[[ AVAILABLE DATA, beginning ]]

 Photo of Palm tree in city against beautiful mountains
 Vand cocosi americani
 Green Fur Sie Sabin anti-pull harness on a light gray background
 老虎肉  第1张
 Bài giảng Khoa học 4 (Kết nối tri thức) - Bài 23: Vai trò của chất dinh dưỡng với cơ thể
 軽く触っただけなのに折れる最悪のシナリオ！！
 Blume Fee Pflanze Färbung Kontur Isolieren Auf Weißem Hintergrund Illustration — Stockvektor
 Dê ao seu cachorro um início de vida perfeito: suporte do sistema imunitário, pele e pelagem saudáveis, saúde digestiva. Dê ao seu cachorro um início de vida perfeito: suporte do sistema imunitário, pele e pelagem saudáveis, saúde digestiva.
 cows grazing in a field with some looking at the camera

[[ AVAILABLE DATA, end ]]
[[ AVAILABLE DATA, beginning ]]

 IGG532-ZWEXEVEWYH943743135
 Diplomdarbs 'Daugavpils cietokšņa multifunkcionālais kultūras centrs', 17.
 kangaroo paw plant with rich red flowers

[[ AVAILABLE DATA, end ]]

#### YOUR INSTRUCTIONS:
Exact duplication is required for the lines above, from the line that contains "saúde digestiva. Dê" to the line that contains "cows grazing in", inclusive; omit all others.

#### RESPONSE BOX:
 Dê ao seu cachorro um início de vida perfeito: suporte do sistema imunitário, pele e pelagem saudáveis, saúde digestiva. Dê ao seu cachorro um início de vida perfeito: suporte do sistema imunitário, pele e pelagem saudáveis, saúde digestiva.
 cows grazing in a field with some looking at the camera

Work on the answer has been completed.